I dont think dayton made those embedded kos in 96. Nice set. I would have left the original spray on em. I had a set of triples nos i sold about two yr ago.


----------



## vouges17 (Jul 18, 2006)

very nice stash :thumbsup:


----------



## 83Cizzoupe (Jan 24, 2003)

Original spray made them look like crap. I was a little nervous when I obtained them, I spent a lot on them and had to see at some point what they truly looked like. Glad I did cus damn they look good. Anyway when someone else gets them they can soak them down in WD40 to store them if they choose. That's what a Dayton rep told me to use, and said its the same stuff they use.


----------



## 83Cizzoupe (Jan 24, 2003)

And rims are dated 96 and 97. These may have remained in their warehouse until they were actually purchased by someone a few years later. I have LRM's from 98 or 99 with Dayton ads that I think advertised the embedded k/o's, around the same time they were advertising all knockoff wire wheels coming with chrome adapters


----------



## LOWELLRIDER (Apr 4, 2005)

Good dude to deal with. 
TTT


----------



## JB45 (Jan 9, 2010)

Pm'd


----------



## 83Cizzoupe (Jan 24, 2003)

TTT New Prices


----------



## ~DROPITLOW~ (Oct 28, 2010)

:thumbsup:


----------



## MR.59 (Mar 29, 2006)

83Cizzoupe said:


> And rims are dated 96 and 97. These may have remained in their warehouse until they were actually purchased by someone a few years later. I have LRM's from 98 or 99 with Dayton ads that I think advertised the embedded k/o's, around the same time they were advertising all knockoff wire wheels coming with chrome adapters


the later build date on them rims show the high level of "QUALITY" that dayton WAS known for. much different story today
those are the the rims, and the shine i remember seeing


----------



## 83Cizzoupe (Jan 24, 2003)

Thanks Mr. 59

Also if there's any interest in just the 5 rims OR just the 5 knockoffs I might spilt up if the price is right


----------



## 83Cizzoupe (Jan 24, 2003)

*NEW PRICES AGAIN *:uh:* >>> I WOULD LIKE TO SALE THESE SOON!!!*


----------



## 83Cizzoupe (Jan 24, 2003)

Buy them


----------



## 83Cizzoupe (Jan 24, 2003)

Set of 5 Gold Center 100 Spoke STAMPED DAYTONS still for sale!


----------



## Dusk til Dawn (Jan 14, 2009)

83Cizzoupe said:


> Set of 5 Gold Center 100 Spoke STAMPED DAYTONS still for sale!


NEW PRICE YET


----------



## 83Cizzoupe (Jan 24, 2003)

$3,675


----------



## 83Cizzoupe (Jan 24, 2003)

*NEW PRICE 4/30/2014 $3,500 For the Set of FIVE Goldback Daytons with All accesories.

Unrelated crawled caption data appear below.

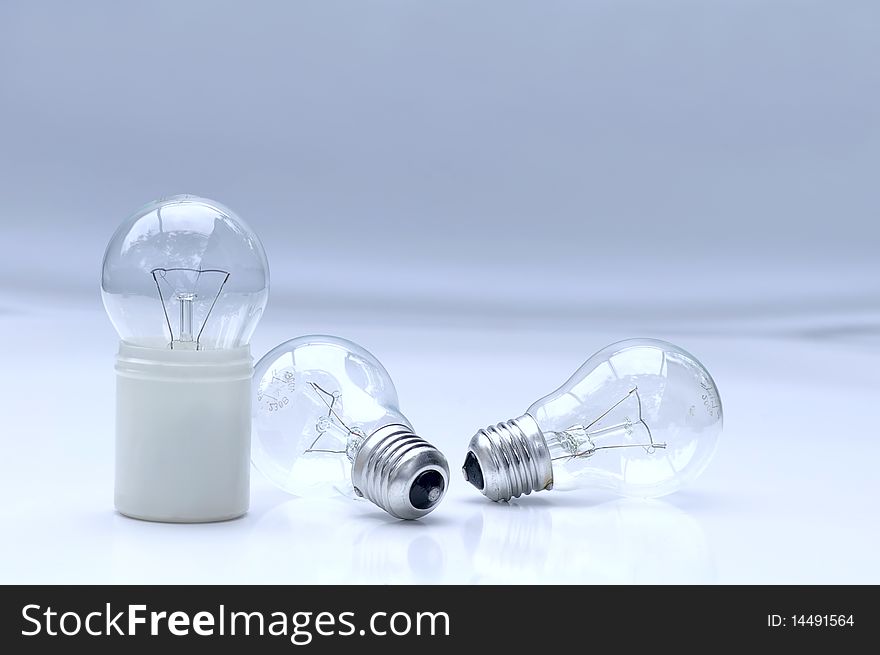 Several electric lamps on light background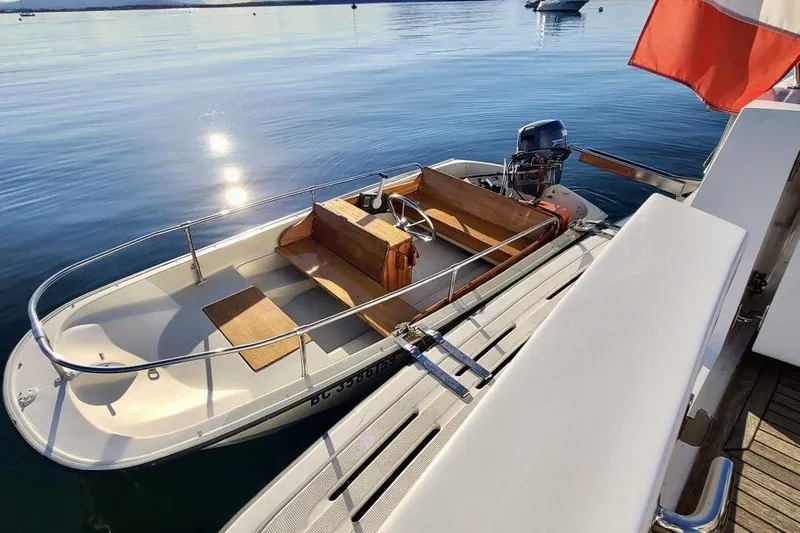  Yacht Photos Pics 1998 Ocean Alexander 420 boat docked on calm water, with wooden seating and outboard motor.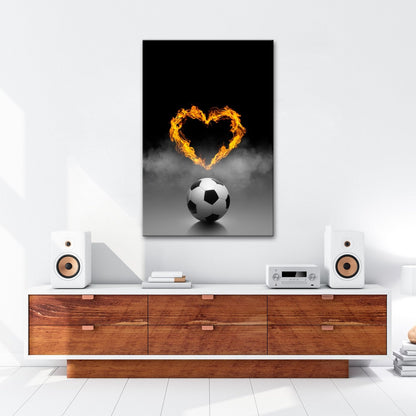 Leinwandbild Fußballliebe brennt – Herz aus Flammen über dem Spielball. - deyoli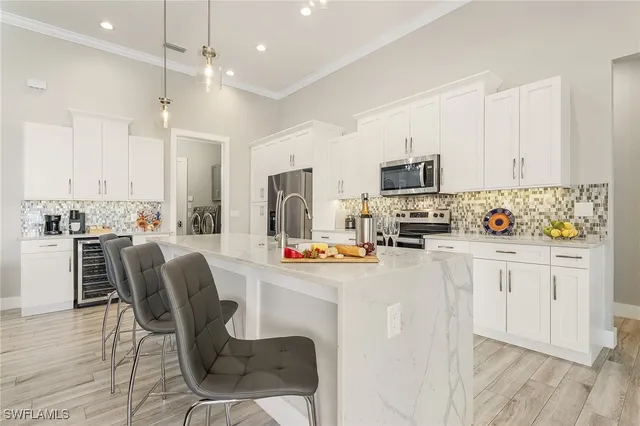 a kitchen with stainless steel appliances granite countertop a stove top oven a refrigerator a sink and white cabinets with wooden floor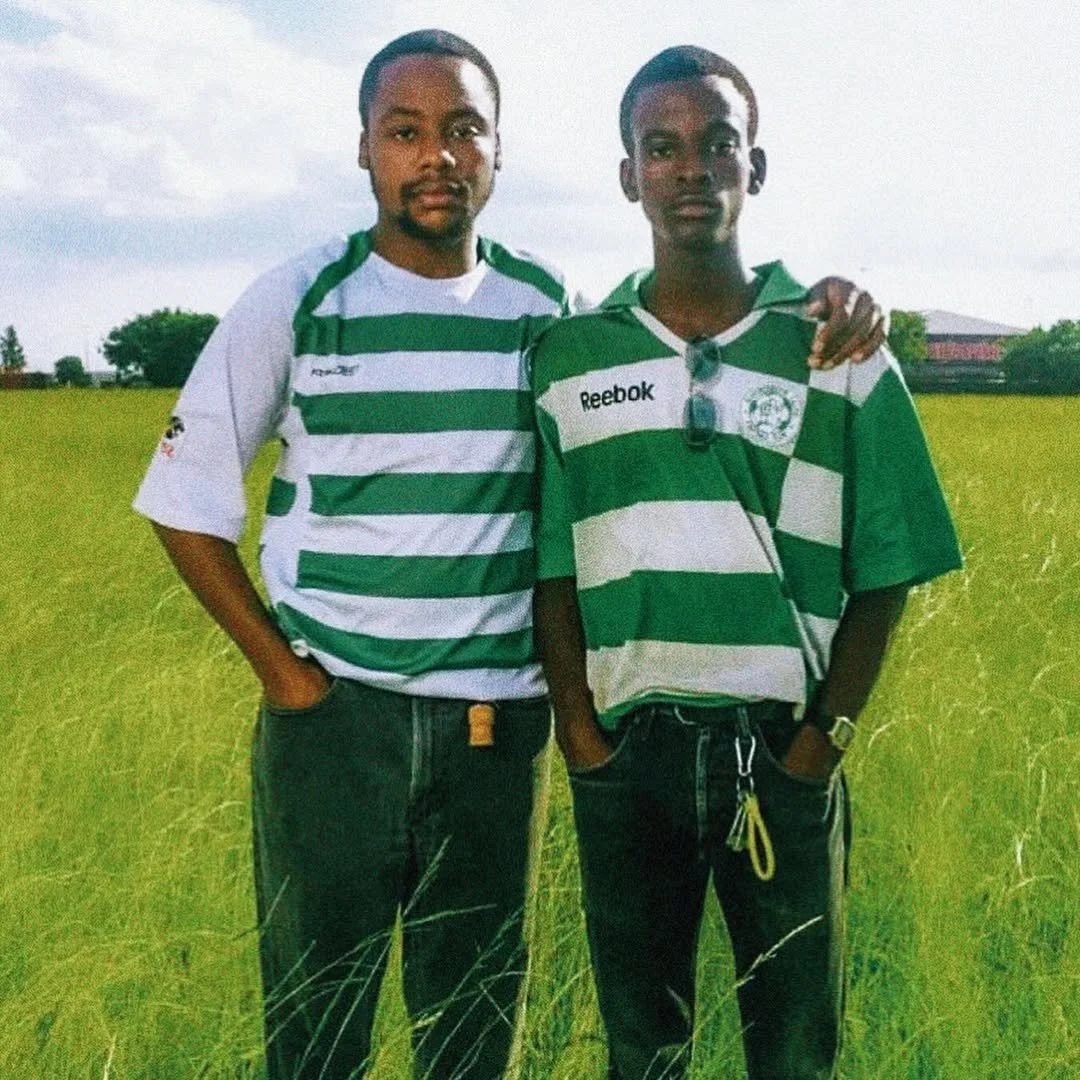 Two young men standing on a grassy field, wearing green and white striped sports jerseys, with one having sunglasses hanging from the collar. They have their arms around each other's shoulders.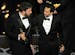 Director/producer Ben Affleck, left, and producer Grant Heslov accept the award for best picture for "Argo" during the Oscars at the Dolby Theatre on 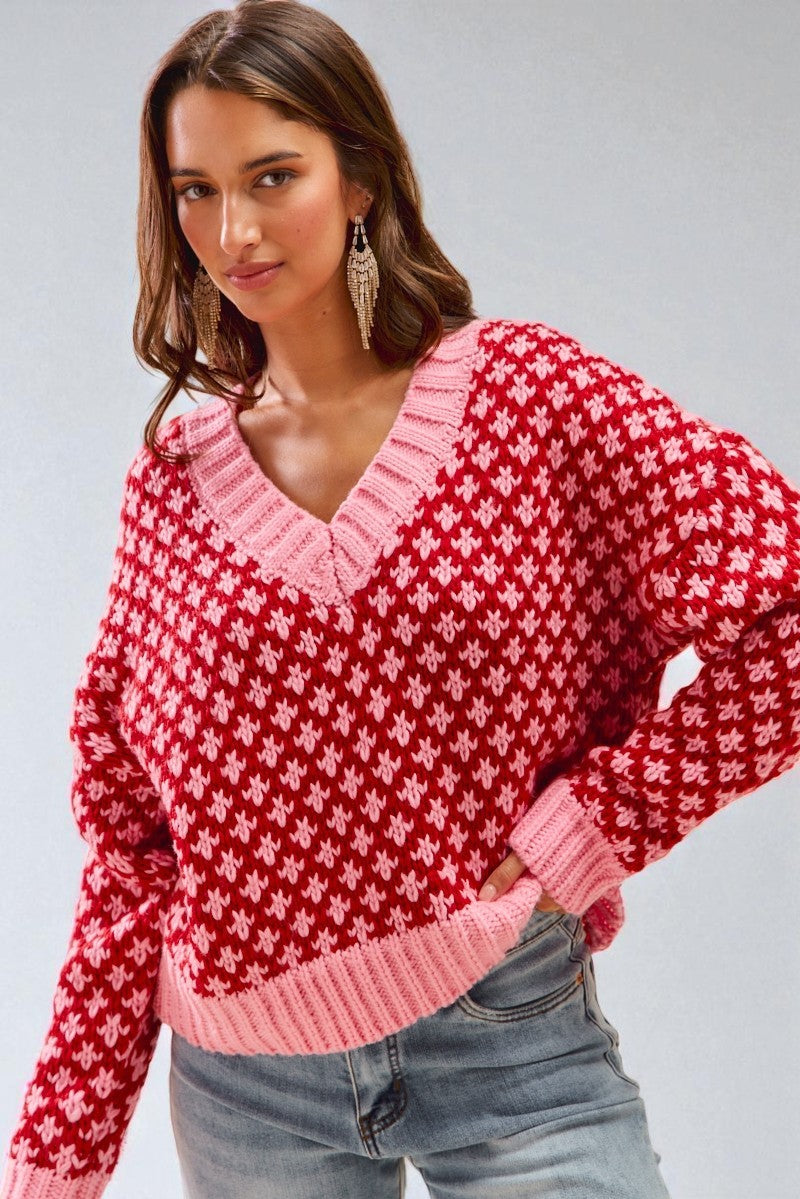 Woman wearing a red and pink patterned sweater against a gray background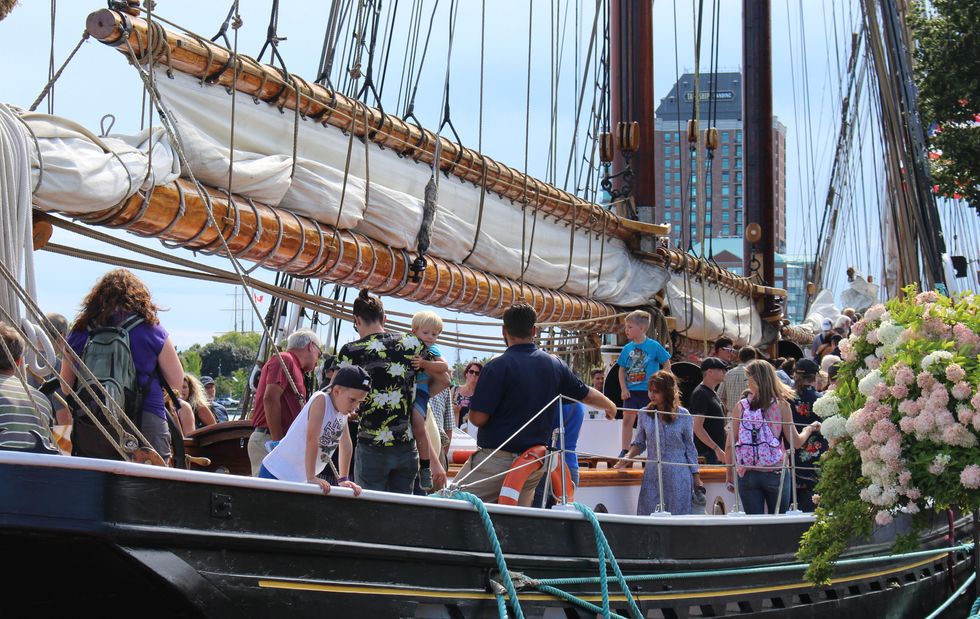 Festival guests touring the deck of a Tall Ship in Brockville, Ontario.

I'm now losing quite a bit on these! Had a serious buyer I was holding them for but that fell through. I would like these gone soon. This is an incredible price on these. How often do you see a set like this still???*


----------



## Wicked Wayz (Mar 19, 2011)

Pm sent


----------



## ~DROPITLOW~ (Oct 28, 2010)

:thumbsup:


----------



## 83Cizzoupe (Jan 24, 2003)

Ttt


----------



## lone star (May 22, 2003)

2500??


----------



## lone star (May 22, 2003)

Txt me pls 832 228 0230


----------



## Midwest Ridaz (Aug 17, 2008)

I would contact high end builders like Bowtie Connection, Homies Hyd,Mario's Autoworks,Super Natural, Ultimate Hyd. ,Lowlife they probably have customers spending big $$$ on cars and want the best wheel to go on their car.....just an idea..


----------



## 83Cizzoupe (Jan 24, 2003)

Midwest thanks for the heads up... I figure any of those cats would spot this by now if they we're looking for something like this. I am definitley limited as far as potential buyers. If I have to I'll just keep sitting on them while they go up higher in collectibiltiy and value. It's not like I'm losing the roof over my head or anything, just that their taking up space in my spare room while they should be on a show car.


----------



## 83Cizzoupe (Jan 24, 2003)

Lone Star thanks but I need more out of them than that


----------



## 83Cizzoupe (Jan 24, 2003)

$3,500 Set of 5 with Accessories, $2,900 Set of 4 with Accesories


----------



## Midwest Ridaz (Aug 17, 2008)




----------



## 83Cizzoupe (Jan 24, 2003)

S O L D


----------



## *ROADSTAR* (Sep 16, 2010)

Nice bro!!
Bout dam time..


----------